Statistical evaluation
Hemoglobin concentrations and subjects' ages were normally distributed and, therefore, are presented as means ± SDs. All other data were skewed and, therefore, are presented as geometric means + or -1 SD. Analysis of variance was used to test for differences in iron-status indexes, CRP, and malaria among the different geographic areas. Pearson's correlation coefficients were used to examine the relation between iron-status indexes and malaria or inflammation. Statistically significant differences were indicated by P < 0.05. Log-transformed data were used for the statistical evaluation, except for Pearson's correlation coefficients. SAS (version 6.12; SAS Institute Inc, Cary, NC) was used for all the statistical calculations.


RESULTS  
Because the 4 different geographical areas had only minor differences among them, the results were pooled for each population group.

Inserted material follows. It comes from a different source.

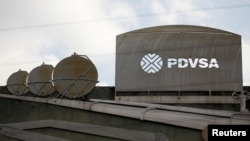 ARCHIVO - Recortes que representan imágenes de operaciones petroleras se ven afuera de un edificio de la petrolera estatal venezolana PDVSA en Caracas, Venezuela, el 28 de enero de 2019.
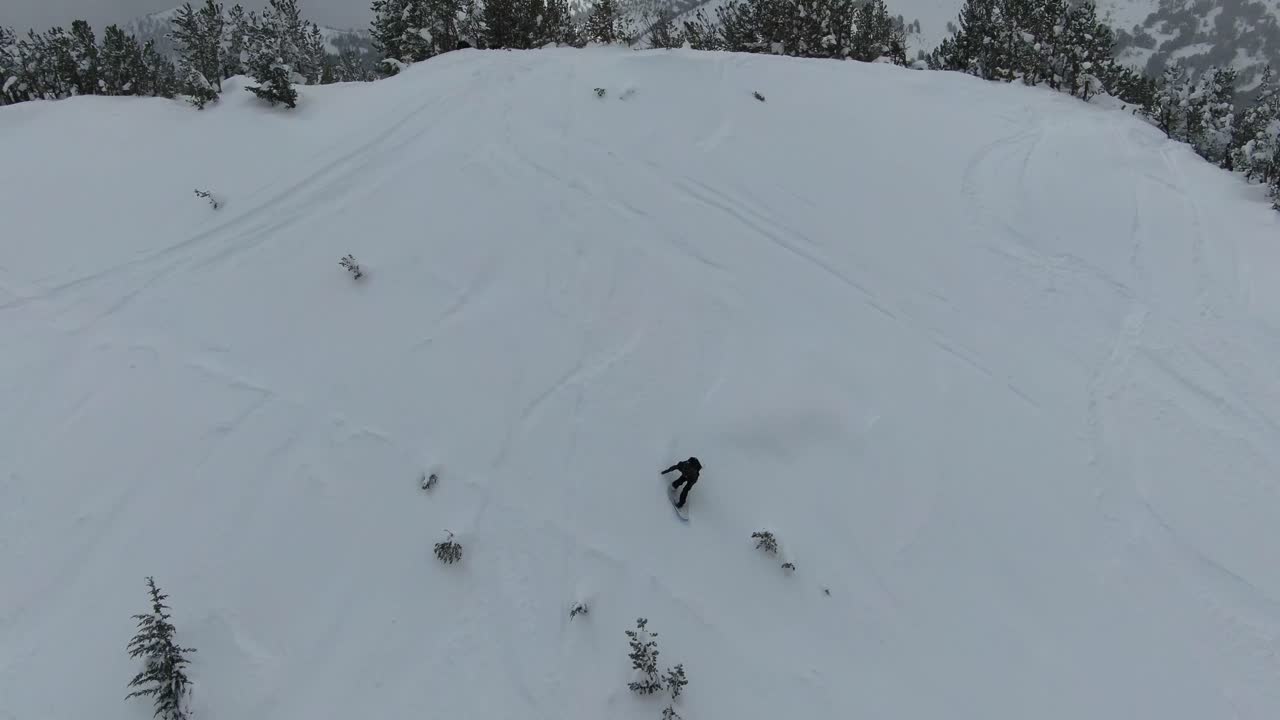 imágenes aéreas de 4k de un snowboarder bajando una colina empinada en el interior nevado de las montañas de la sierra nevada en el lago tahoe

Prevalence of iron deficiency
Many of the preschool children, school-age children, and women had elevated ZP and TfR concentrations, which indicated iron deficiency (Table 1). ZP was elevated in 83% of the preschool children, 61% of the school-age children, 58% of the women, and 18% of the men. Similarly, TfR was elevated in 65% of the preschool children, 47% of school-age children, 35% of the women, and 29% of the men. By contrast, fewer subjects had depleted iron stores, which was indicated by low SF concentrations. The prevalence of storage iron depletion was 30%, 34%, 39%, and 17% in preschool children, school-age children, women, and men, respectively. When the more commonly used cutoff value for SF (12 µg/L) was used, the corresponding prevalence of depleted iron stores was 9%, 10%, 13%, and 3% in preschool children, school-age children, women, and men, respectively. The prevalence of iron deficiency, determined on the basis of the multiple criteria model, was 63% in the preschool children, 47% in the school-age children, 41% in the women, and 13% in the men (Figure 1). The prevalence of iron deficiency, on the basis of an elevated ratio of TfR to SF (500 µg/L), was 18% in the preschool children and women, 16% in the school-age children, and 5% in the men.


View this table:
TABLE 1 . Iron-status indexes and C-reactive protein (CRP) concentrations in different population groups in Côte d'Ivoire1  

View larger version (38K):
FIGURE 1. . Prevalence of iron deficiency, with and without concurrent anemia, determined on the basis of different combinations of iron-status indexes:  
Prevalence of iron deficiency anemia
About 50% of the women and children (preschool and school-age) and 30% of the men with iron deficiency were also anemic (Figure 1). The prevalence of IDA, on the basis of the multiple criteria model plus hemoglobin concentration below the specific cutoff values, was 39% in the preschool children, 25% in the school-age children, 20% in the women, and 4% in the men (Figure 1). When IDA was defined as anemia plus elevated ZP, the prevalence became higher by 49% in the preschool children, 34% in the school-age children, 30% in the women, and 5% in the men. However, when IDA was defined as anemia plus a low SF concentration, the prevalence fell to 15% in the preschool children, 18% in the school-age children and women, and 4% in the men. When IDA was defined as anemia plus an elevated TfR, the prevalence of IDA was almost identical to that found with the multiple criteria model in the women and children.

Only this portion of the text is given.